Diary of Charles Francis Adams, volume 7

353 Saturday. 2d. CFA

1837-12-02

Saturday. 2d. CFA
Saturday. 2d.

The day was cloudy and damp as has been the case for the most part with the weather we have had. I went to the Office where besides some little business matters, I sat down to write a letter to my Mother inclosing my little sketch.1

My feelings much acted upon by the extraordinary decision of the Mayor and Aldermen upon a late application of Dr. Channing and others for the use of Faneuil Hall.2 The craven spirit has got about as far in Boston as it can well go. I wrote an article to the Morning Post approving of his editorial remarks of this morning,3 and had a warm argument in Mr. Brooks’ room with two or three of my connexions there. They are always of the conservative order, and I can not often be.

Home. Herodotus. T. K. Davis dined with me. Conversation of various sorts, political and critical. He staid all the afternoon. It is agreeable to have such variety. Evening, Mr. Brooks was here for a couple of hours. Writing afterwards.

1.

To LCA, 2 Dec., Adams Papers. The letter contained a request that various dates be supplied. On the biographical sketch, see entry of 11 Nov., above.

2.

The Daily Advertiser, 2 Dec., p. 2, cols. 5–6, carried a communication from Rev. William Ellery Channing protesting the action of the mayor and aldermen in denying the use of Faneuil Hall for a meeting to express the public outrage at the murder of Elijah P. Lovejoy in Illinois. To the letter was appended editorial comment approving the official action.

3.

The editorial in the Boston Morning Post, 2 Dec., p. 2, cols. 1–2, strongly opposed the action of the mayor and aldermen. CFA’s communication endorsing the stand must be that signed “One of the Many” in the 4 Dec. issue, p. 2, col. 2: “Words cannot express the deep loathing which I feel for doctrines which sap the very foundations of our free republican institutions.... [I]f ever I, knowingly, vote for one of the persons who could consent to lay Boston under the burning disgrace of this proceeding, may I suffer the fate which poor Lovejoy met in resisting the same tyrranical spirit!”

Sunday. 3d. CFA

1837-12-03

Sunday. 3d. CFA
Sunday. 3d.

A very mild day. I went to Meeting after devoting an hour to coins nearly all of which I have arranged. The knowledge to be acquired by them is very considerable. I begin to define more accurately the succession of the Roman Empire than I ever could through Gibbon.

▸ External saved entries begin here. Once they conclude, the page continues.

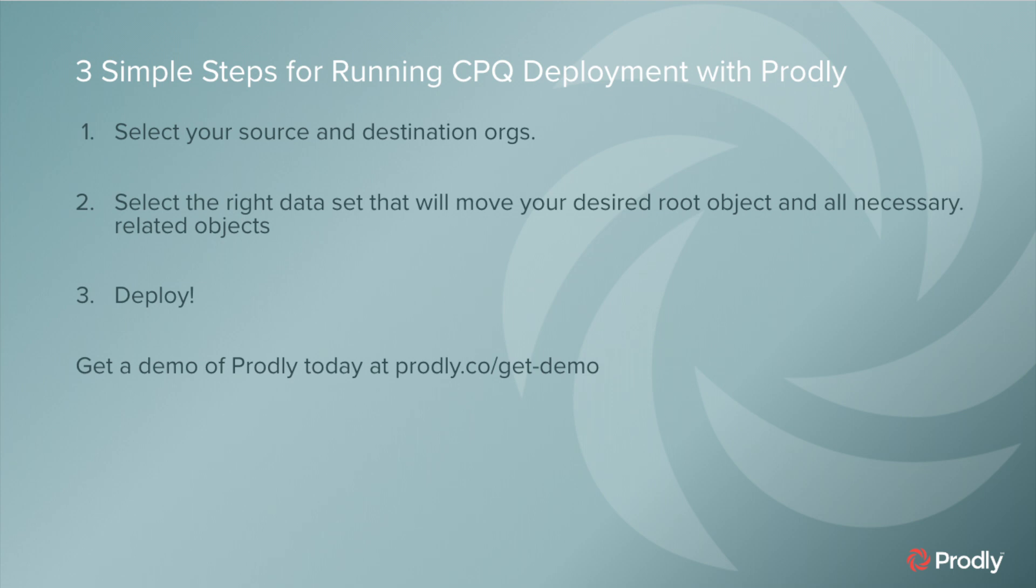And last but not least, we deploy our data. It's as simple as that. If you're interested in seeing how Prodly can help you deploy CPQ data today, you can get a demo at Prodly.co.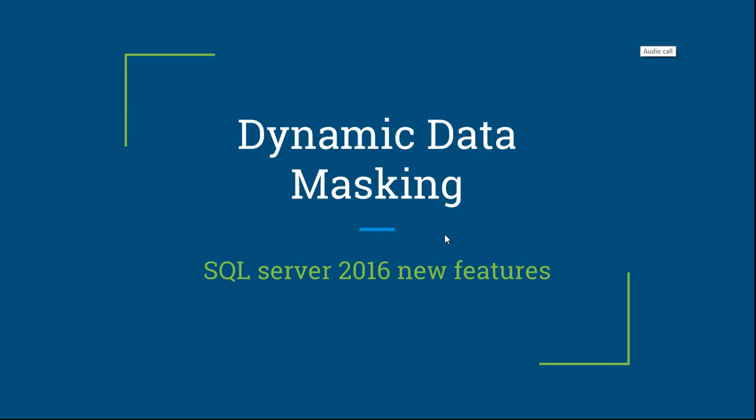Welcome to the ASPtricks.net session. Today we are going to explore Dynamic Data Masking. This is a new feature since SQL Server 2016.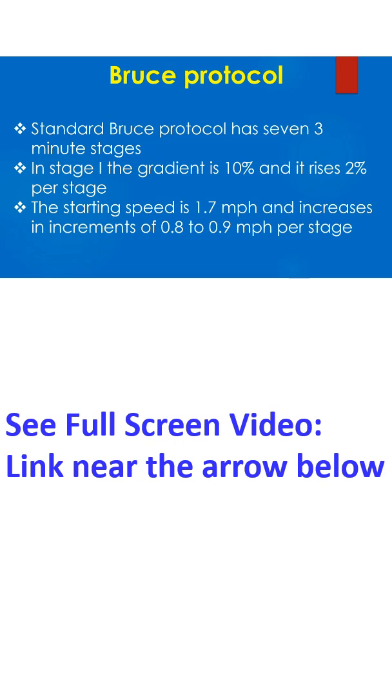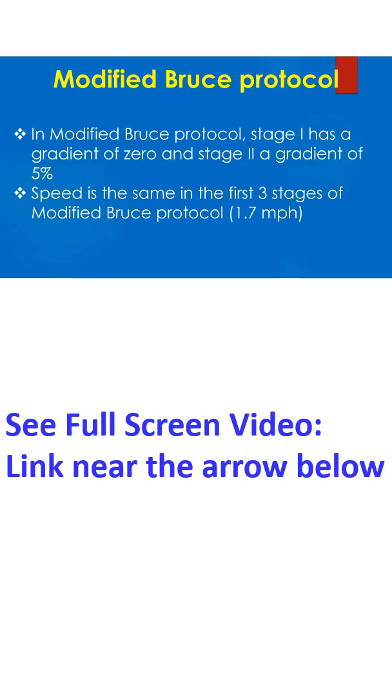Standard Bruce protocol has seven 3-minute stages. In stage 1, the gradient is 10% and it rises 2% per stage. The starting speed is 1.7 miles per hour and increases in increments of 0.8 to 0.9 miles per hour per stage.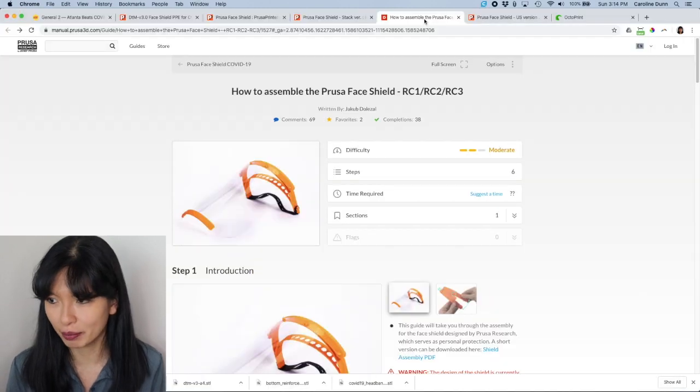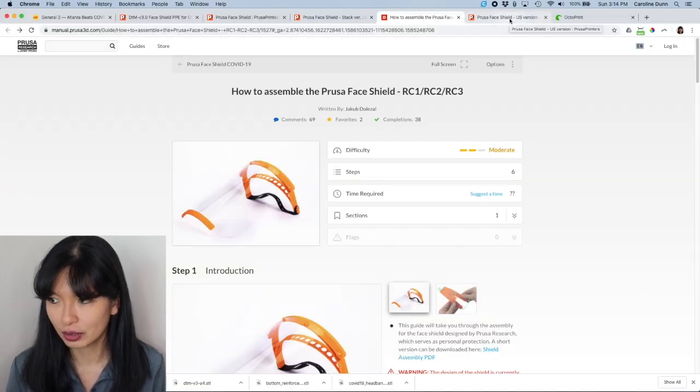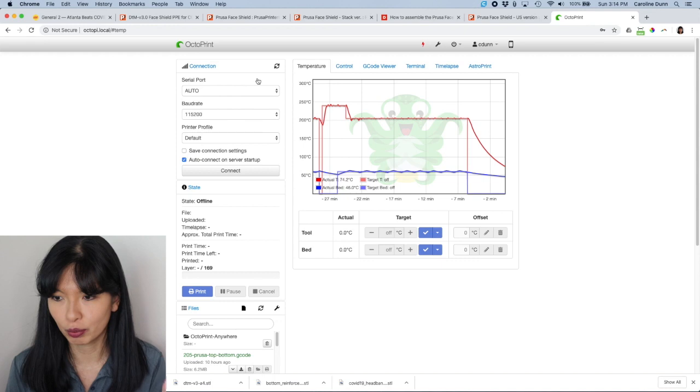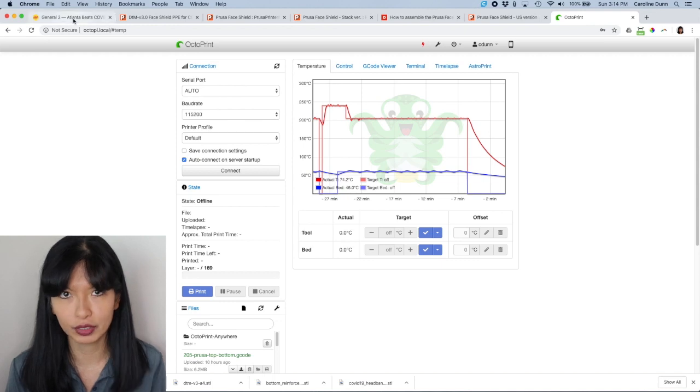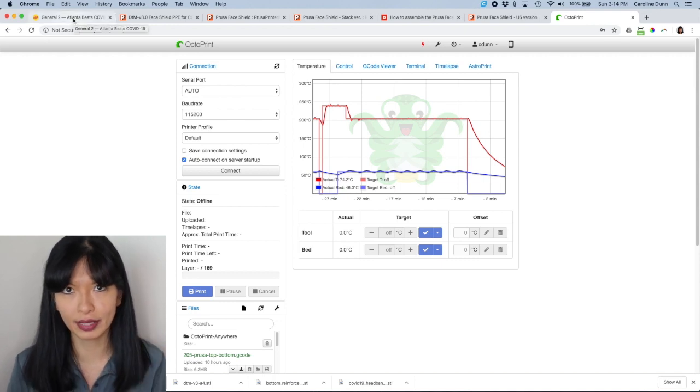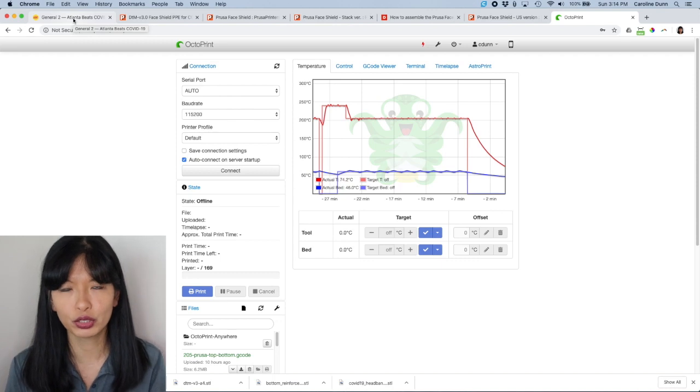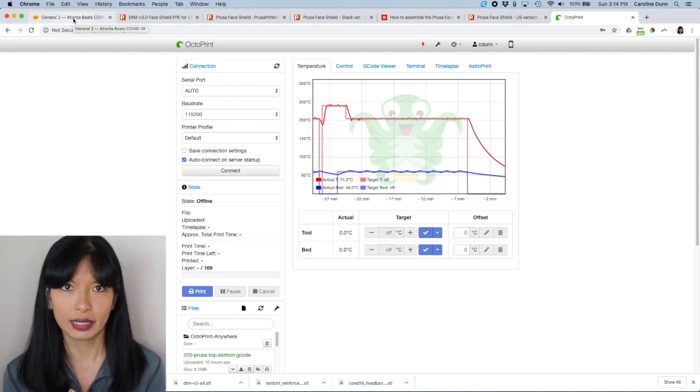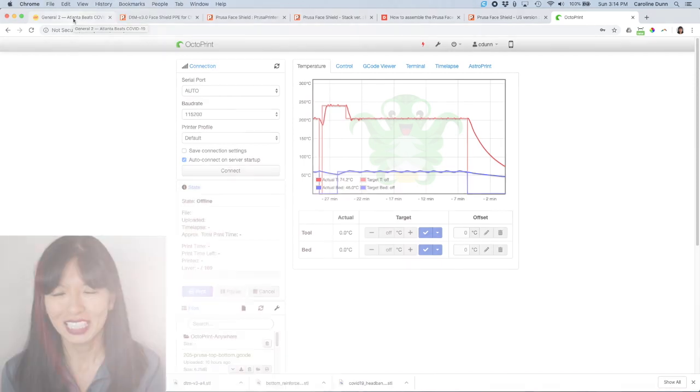Yeah, they do have how to assemble the face shield. And then, of course, Octoprint, hopefully you have to set that up. If not, then you'll have to save this to your micro SD card and then put it in your printer if you have an Anet A like I do.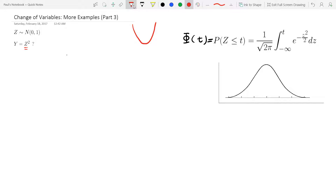Our question is: given that Z is distributed as standard normal, what is Z squared? In other words, what is the distribution of Y = Z²? What is the CDF and PDF of Y?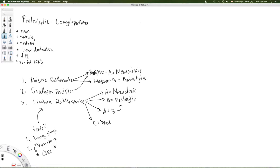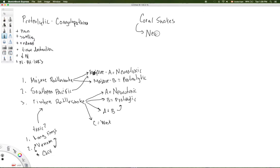Let's also go ahead and cover the coral snakes. I'll talk about one example of the coral snakes in another video and will be putting up some pictures for you guys as well. The coral snake venom tends to be primarily neurotoxic — highly neurotoxic — and it does not tend to have any significant proteolytic or coagulopathic effects, which is very different from the crotalids.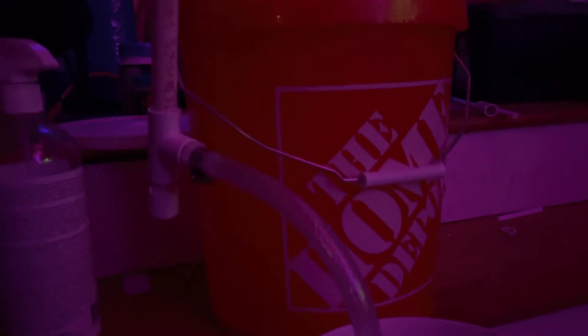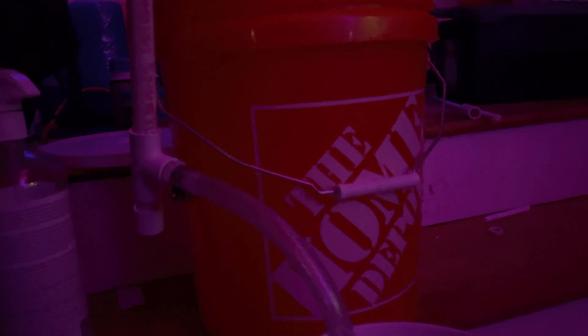All right. So that's pretty much our siphon there. It should stop as soon as it hits the bucket. There you go.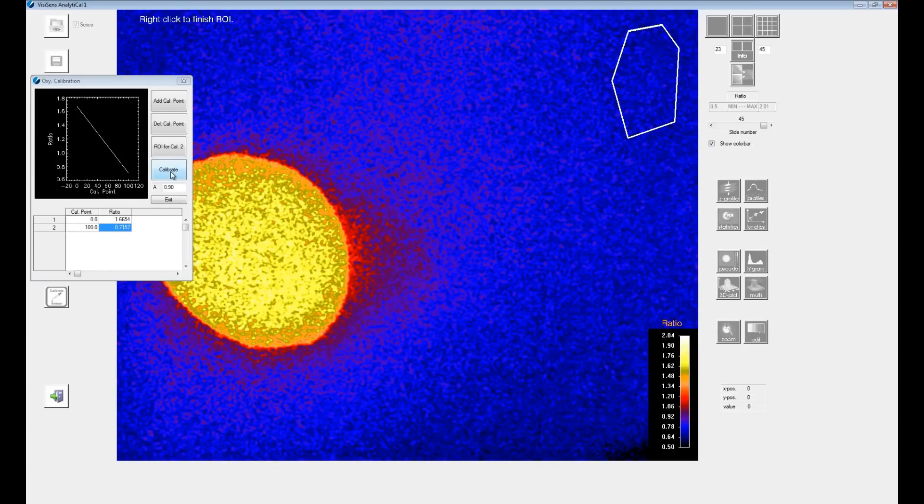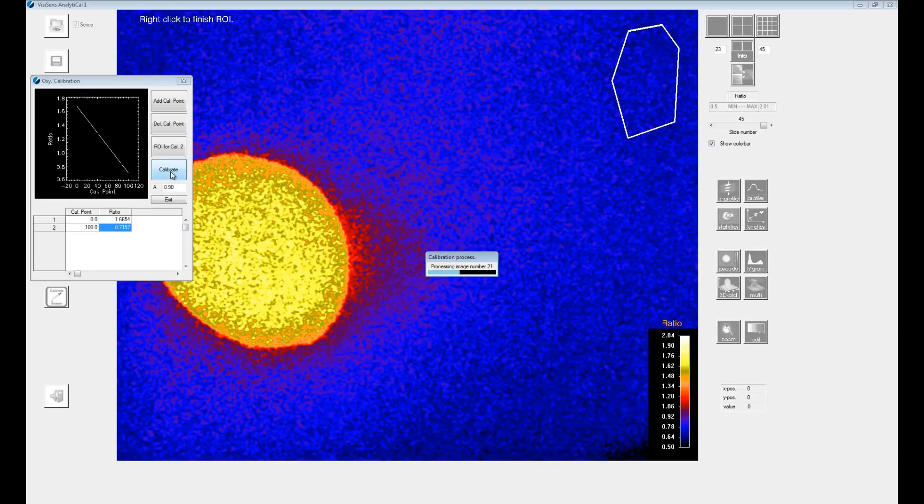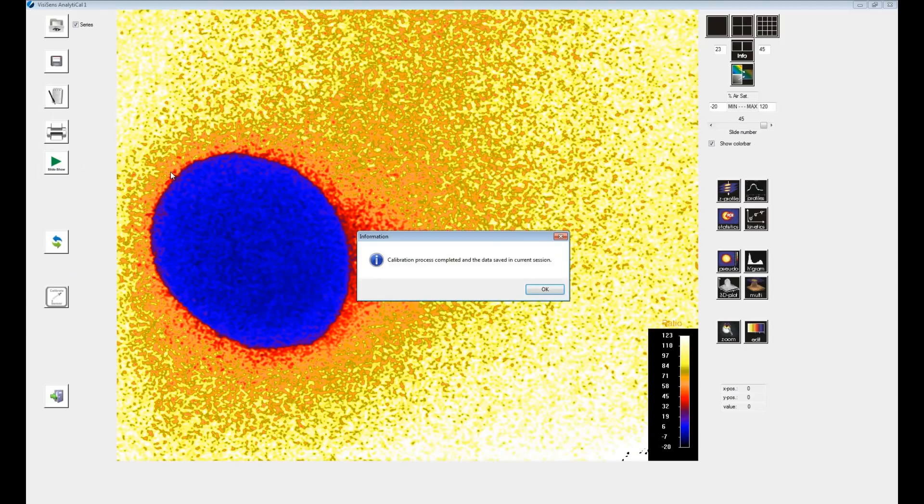Clicking on the calibrate button will start the calculation with the calibration values you just added in the dialog. The calibration data will be stored with the respective session and the images show oxygen maps now.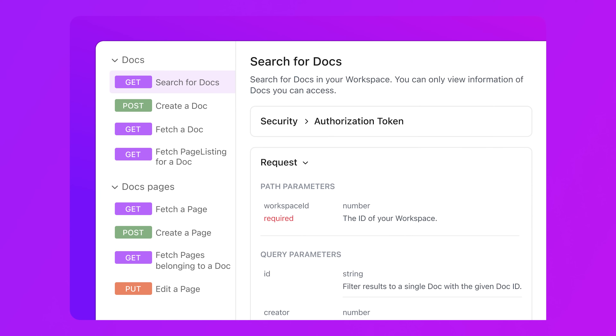And last but not least, work with docs via the public API. We've added new endpoints to the public API that allow you to search for docs, edit pages, and export individual docs and pages in plain text or markdown format.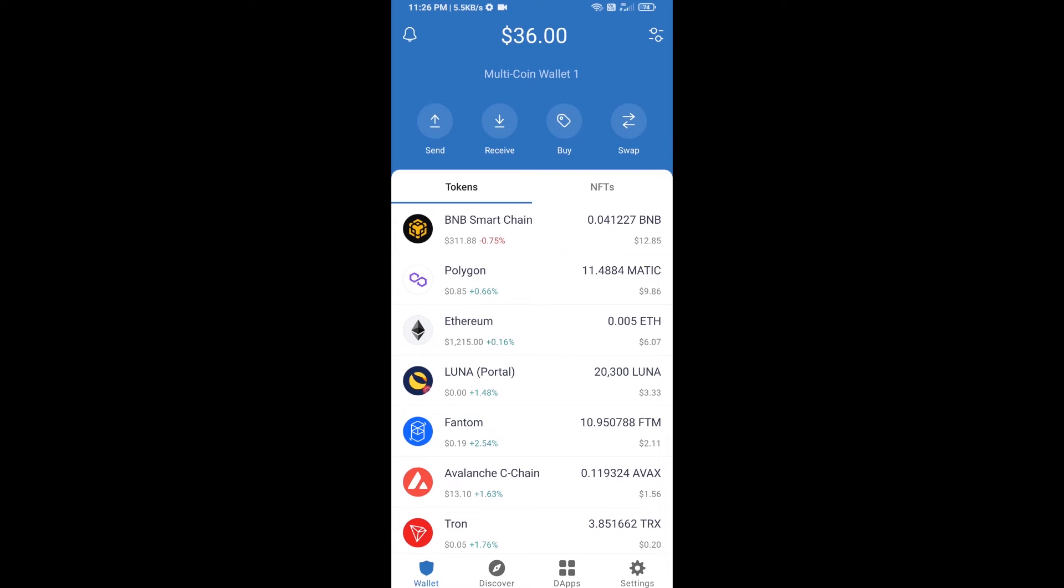Hello guys, today I'm going to tell you about how to buy BSC DM token on Trust Wallet using PancakeSwap exchange.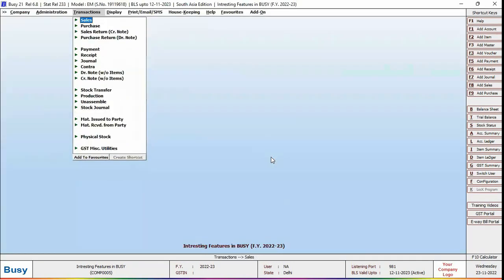In the similar manner, you can configure auto round off option for all those voucher types in which bill sundry can be applied.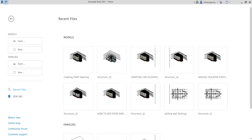What's up guys, Learning with Rich here. In this video let's continue our discussion about foundation. Last topic we learned how to create a concrete masonry unit elevator shaft, so this time around I'm going to teach you how to create an opening shaft — a shaft opening.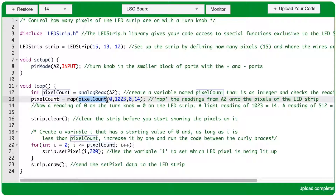The map function has five arguments. First, the value that we're mapping — we're mapping the pixelCount variable value. The second argument is: what is the lowest number from the range you're mapping from? That's 0 here, because that's the lowest value that the turn knob can send in. The third argument is: what is the highest value from the range you're mapping from?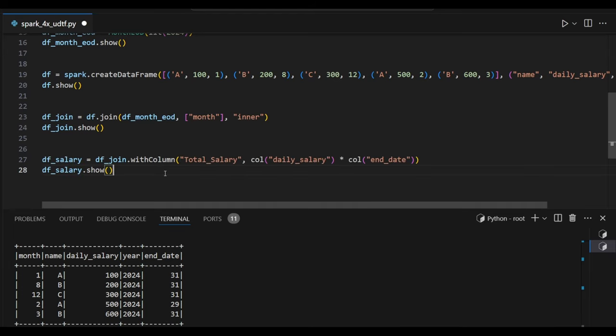I'm going to calculate the total salary for each month. Those who have the pending value, that I'm trying to calculate every year. So let's see the final salary output.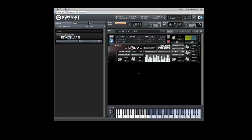You can also control the Sustain of each step in the sequence. To alter the Sustain, click and drag your mouse up and down on the number in the Sustain bar.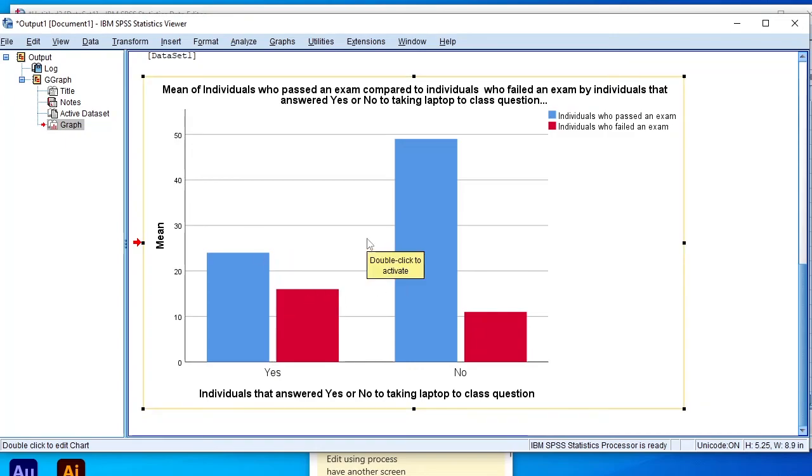That's how you plot and interpret a histogram using SPSS. If you found value from this video, make sure you like and subscribe to keep you in the loop for more such videos in the future.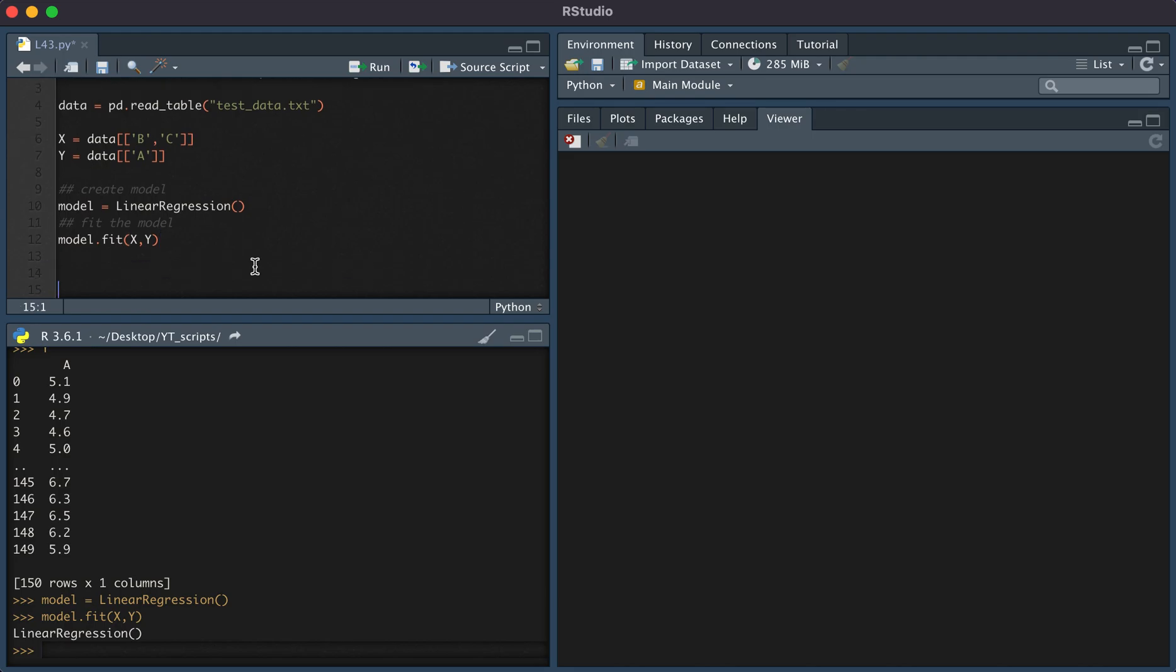We have now a fitted model. If we wanted to extract the intercept, we would do that by typing model.intercept_.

Mr. Frothingham preached in the morning from Revelation 21. 23. “And the lamb is the light thereof.” The true purpose of the Christian dispensation to furnish a refuge from the stormy passions of the world, through which position a glance at the present excited state of the public mind and the attempt to work upon through the pulpit in the 354case of this Lovejoy. The view is undoubtedly just, but Mr. Frothingham like all others of that school wears the collar of public opinion and becomes the instrument of it to ungenerous and illiberal purposes of which he is not himself conscious.

Walk with my boy John, met Edward Brooks who tells me my opinions of the Mayor’s reasoning are held by many. We are not all broken into the cotton interest then. Afternoon, Matthew 25. 29. “For unto every one that hath, shall be given, and he shall have abundance: but from him that hath not shall be taken away even that which he hath.” An explanation of this singular text and illustration of it in life. Another walk with my little girl after which read a Sermon of Sterne on Religious Enthusiasm. St. John 15. 5. “For without me, ye can do nothing.” The influences of the spirit erroneously construed to work too much by some sects and too little by others, but the Sermon appears to me a feeble one.

Evening, I went down with my Wife to pay a visit to Edward and his Wife. Mrs. Lyman was there. Conversation with him upon various matters. He is always quite liberal in his tone with me and would be so generally, if it was not for the surroundings. Home at ten.